- **RECORDS FOR THIS EXERCISE**
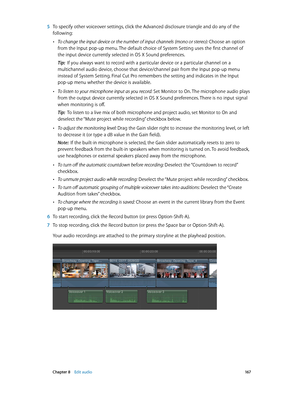 Page 167 Chapter 8    Edit audio 167
 5 To specify other voiceover settings, click the Advanced disclosure triangle and do any of the 
following:
 •To change the input device or the number of input channels (mono or stereo):  Choose an option 
from the Input pop-up menu. The default choice of System Setting uses the first channel of 
the input device currently selected in OS X Sound preferences.
Tip:  If you always want to record with a particular device or a particular channel on a 
multichannel audio device,...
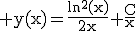 3$\rm y(x)=\frac{ln^{2}(x)}{2x}+\frac{C}{x}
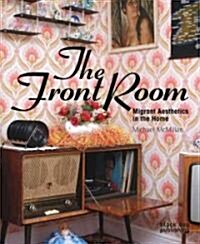 The Front Room : Migrant Aesthetics in the Home (Paperback)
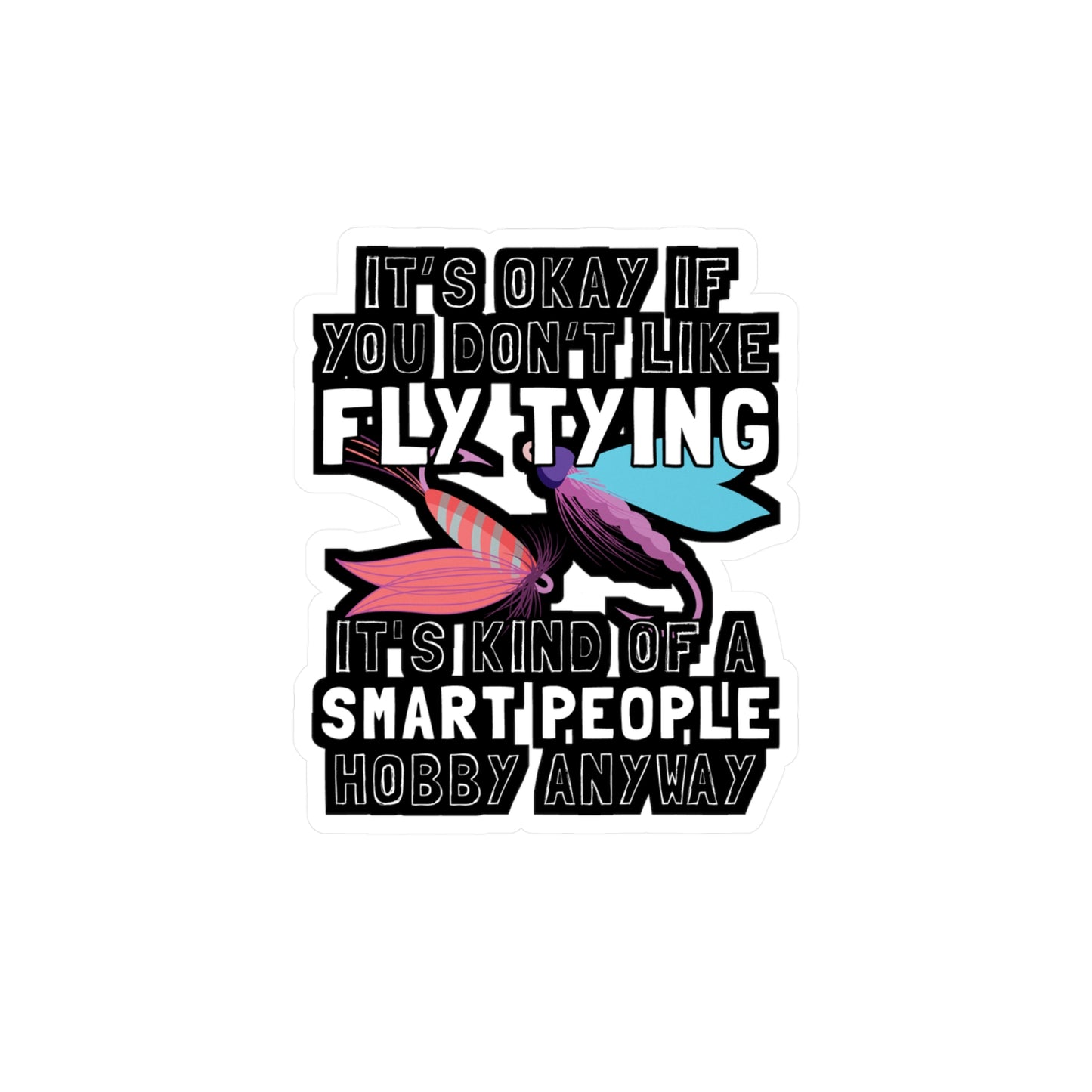 It's Okay If You Don't Fly Tying - Fly-fishing Sticker for Laptop Sticker. Water Bottle Sticker, Vinyl Angling Decal - Fly-fishing Gift
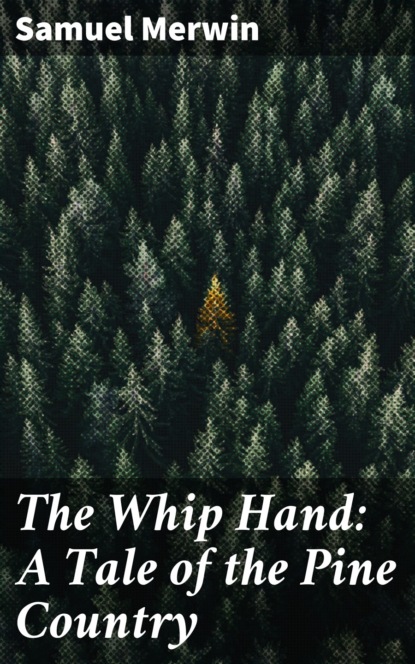 Samuel  Merwin - The Whip Hand: A Tale of the Pine Country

- **WHAT NEEDS TO BE DONE**
Set aside the pictures. Then return every line of the material above verbatim.

- **TASK RESULT**
 Page 167 Chapter 8    Edit audio 167
 5 To specify other voiceover settings, click the Advanced disclosure triangle and do any of the 
following:
 •To change the input device or the number of input channels (mono or stereo):  Choose an option 
from the Input pop-up menu. The default choice of System Setting uses the first channel of 
the input device currently selected in OS X Sound preferences.
Tip:  If you always want to record with a particular device or a particular channel on a 
multichannel audio device,...
 3$\rm y(x)=\frac{ln^{2}(x)}{2x}+\frac{C}{x}
 The Front Room : Migrant Aesthetics in the Home (Paperback)
 It's Okay If You Don't Fly Tying - Fly-fishing Sticker for Laptop Sticker. Water Bottle Sticker, Vinyl Angling Decal - Fly-fishing Gift
 Samuel  Merwin - The Whip Hand: A Tale of the Pine Country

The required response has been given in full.